6 shows a fourth embodiment of the manufacturing process of the polyimide multilayer wiring board of FIG. 1. FIG.

[Explanation of symbols]

1 First block 2 of polyimide multilayer wiring layer
Aluminum flat plate 4 Polyimide resin having a glass transition point 10
Bump 12 Second block 2 of polyimide multilayer wiring layer
7 Solder pool 35 Maleimide resin 40 PTF film

Claims (3)

[Claims] 1. A multilayer wiring board having a polyimide multilayer wiring layer on a substrate, wherein the polyimide multilayer wiring layer has a laminated structure in which a stack of a plurality of wiring layers is used as one block, and a plurality of blocks are stacked. 1. A polyimide multilayer wiring board, characterized in that electrical connections between each block are made by soldering metal bumps formed on the surface of a laminate of each block and a solder pool. 2. In the polyimide multilayer wiring board according to claim 1, a polyimide resin having a glass transition point is used for at least one of the bonding surfaces between each block, and each block is bonded using a polyimide resin.
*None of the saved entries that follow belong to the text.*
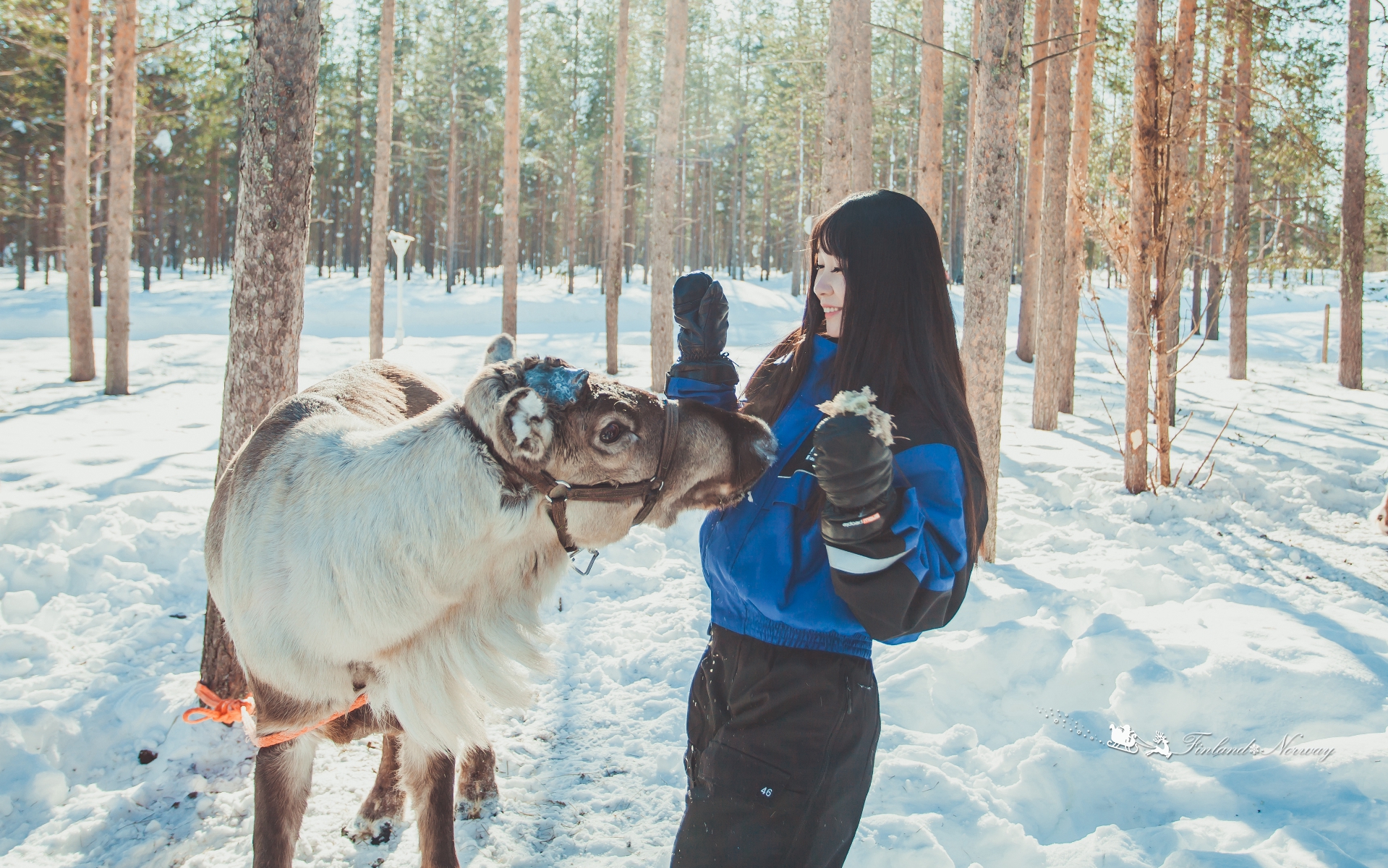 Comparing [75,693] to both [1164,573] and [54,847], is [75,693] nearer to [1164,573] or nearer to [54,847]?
[54,847]

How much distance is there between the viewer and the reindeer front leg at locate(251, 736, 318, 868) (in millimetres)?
2295

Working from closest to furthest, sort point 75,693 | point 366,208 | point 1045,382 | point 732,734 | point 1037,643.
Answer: point 732,734 < point 75,693 < point 1037,643 < point 1045,382 < point 366,208

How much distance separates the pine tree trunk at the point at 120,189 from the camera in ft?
37.2

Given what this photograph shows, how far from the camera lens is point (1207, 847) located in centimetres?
250

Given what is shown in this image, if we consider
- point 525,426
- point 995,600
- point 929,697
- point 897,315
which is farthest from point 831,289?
point 995,600

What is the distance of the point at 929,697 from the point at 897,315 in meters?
2.55

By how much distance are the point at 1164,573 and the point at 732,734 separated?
4731 mm

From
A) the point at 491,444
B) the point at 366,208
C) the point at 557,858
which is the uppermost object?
the point at 366,208

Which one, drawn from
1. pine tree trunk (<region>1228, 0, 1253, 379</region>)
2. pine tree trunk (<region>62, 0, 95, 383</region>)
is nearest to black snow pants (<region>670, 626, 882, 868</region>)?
pine tree trunk (<region>1228, 0, 1253, 379</region>)

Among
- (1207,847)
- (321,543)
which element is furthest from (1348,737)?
(321,543)

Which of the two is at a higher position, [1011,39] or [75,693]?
[1011,39]

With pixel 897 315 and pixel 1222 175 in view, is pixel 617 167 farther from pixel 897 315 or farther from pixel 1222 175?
pixel 897 315

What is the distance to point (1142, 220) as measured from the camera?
22.0 ft

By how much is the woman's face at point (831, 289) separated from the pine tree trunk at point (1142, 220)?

A method for manufacturing a polyimide multilayer wiring board, characterized in that the laminates are electrically connected by adhering them with self-adhesive properties, and by brazing metal bumps and solder pools. 3. In the polyimide multilayer wiring board according to claim 1, a melt-curing or melt-curing adhesive is used on the bonding surface between each block, and each block is bonded using the melt-curing adhesive. Alternatively, a method for manufacturing a polyimide multilayer wiring board, characterized in that the laminates are electrically connected by bonding with a melt-type adhesive and by brazing metal bumps and solder pools.